I had always meant to try Asian slaw and finally made it — and now I wish I had made it sooner. The balance of tangy vinegar, savory soy, a hint of sweetness, and the crunch of fresh vegetables is delightful. This slaw is ideal when you want something light but satisfying, and it keeps well for a few days if you store the dressing separately.
How to make Asian slaw
Simple steps yield a fresh, flavorful slaw. Make the dressing first, then toss it with the prepared vegetables.
- For the dressing: Add all dressing ingredients to a jar, secure the lid, and shake vigorously until fully combined. Alternatively, whisk the ingredients together in a small bowl.
- For the slaw: Combine all slaw ingredients (reserve sesame seeds for garnish) in a large bowl. Pour the dressing over the vegetables and toss until everything is evenly coated. Garnish with sesame seeds and serve immediately.

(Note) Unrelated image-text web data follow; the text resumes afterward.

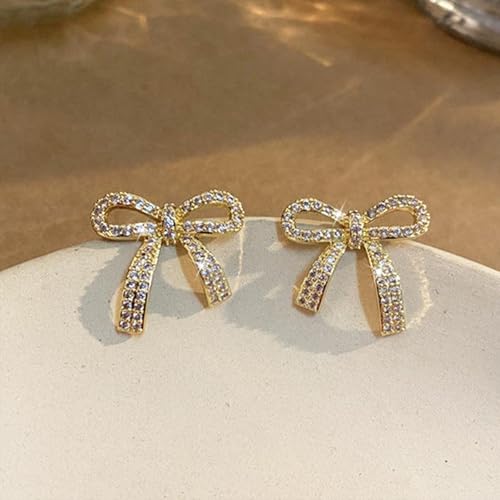 Bow Earrings Red Earrings for Women Dangle Cute Earrings Red Stuff Jewelry Outfits Accessories Gifts for Girls - color: B3:2 Paris bow earrings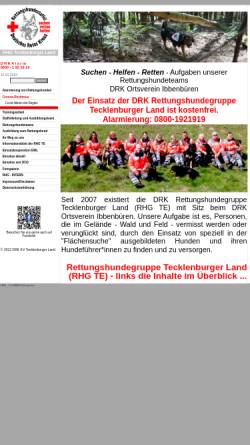 Vorschau der mobilen Webseite www.rhg-tecklenburger-land.de, DRK Rettungshundegruppe Tecklenburger Land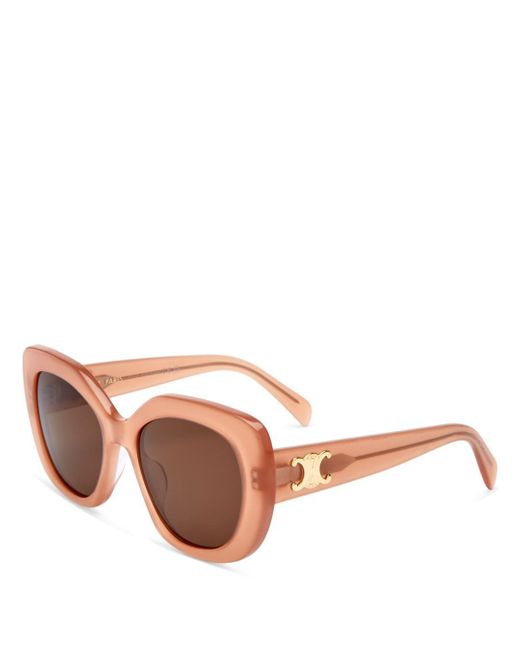 Celine Triomphe Square Sunglasses in Pink Lyst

Asian slaw ingredients and tips
- Vinegar: Rice vinegar is classic and mild, but apple cider vinegar, white wine vinegar, or even fresh lemon juice work well.
- Oil: Use a neutral-flavored oil such as canola or sunflower for a clean taste. If using extra virgin olive oil, expect a more pronounced flavor. Coconut oil should be melted first.
- Soy sauce or tamari: Tamari is gluten-free and coconut aminos are a good soy-free alternative.
- Sweetener: Maple syrup or agave add a natural sweetness; you can substitute another sweetener to taste.
- Sesame oil: Optional, but a small amount adds a toasty, nutty depth that enhances the overall flavor.
- Garlic and ginger: Garlic powder and ginger powder are convenient, but fresh minced garlic and finely grated fresh ginger will brighten the dressing.
- Cabbage: A mix of green and red cabbage looks vibrant. Use only one type if preferred, or adjust proportions to taste.
- Vegetables: Carrots, red bell pepper, and green onions add color, texture, and flavor. Feel free to include shredded Napa cabbage, sliced cucumber, or snap peas for variety.
- Herbs: Fresh cilantro is traditional; omit it if you dislike cilantro or substitute chopped fresh parsley for a different herbaceous note.
- Sesame seeds: Sesame seeds are an optional garnish that add visual appeal and a gentle crunch.
- Serving ideas: Serve the slaw alongside baked tofu, fried tofu, tempeh, seitan, or tempeh bacon for a complete plant-based plate. It also pairs well with grilled fish or chicken if not following a vegan diet.
Looking for more side dishes?
- Sauerkraut
- Veggie stir-fry
- Vegetable tempura
- Cauliflower steak
- Vegan chicken salad

Did you make this Asian slaw recipe?
If you make this slaw, please leave a comment to share how it turned out, rate the recipe, or share a photo. I enjoy seeing variations and hearing which substitutions worked well for you.

Asian Slaw
Bright, crunchy Asian slaw with a tangy-sweet dressing. Ready in 15 minutes and perfect as a light side dish or topping for bowls and sandwiches.
Prep: 15 mins | Total: 15 mins | Servings: 8
Ingredients
For the dressing:
- 2 tablespoons vinegar (rice vinegar recommended)
- 2 tablespoons oil (canola or sunflower recommended)
- 2 tablespoons soy sauce or tamari
- 1 tablespoon maple or agave syrup
- 1/2 teaspoon sesame oil (optional)
- 1/4 teaspoon garlic powder (or 1 small clove minced)
- 1/4 teaspoon ginger powder (or 1/2 teaspoon fresh grated ginger)
For the Asian slaw:
- 3 cups green cabbage, thinly sliced
- 1 cup red cabbage, thinly sliced
- 1 cup carrots, thinly sliced or shredded
- 1 cup red bell pepper, thinly sliced
- 3 green onions, thinly sliced
- 1/4 cup fresh cilantro, chopped (optional)
- 1 teaspoon sesame seeds, for garnish (optional)
Instructions
For the dressing:
- Combine all dressing ingredients in a jar, seal, and shake until the dressing is well blended. Alternatively, whisk together in a small bowl.
- Set the dressing aside while you prepare the vegetables.
For the slaw:
- Place the cabbage, carrots, bell pepper, green onions, and cilantro in a large bowl.
- Pour the dressing over the vegetables and toss until everything is evenly coated.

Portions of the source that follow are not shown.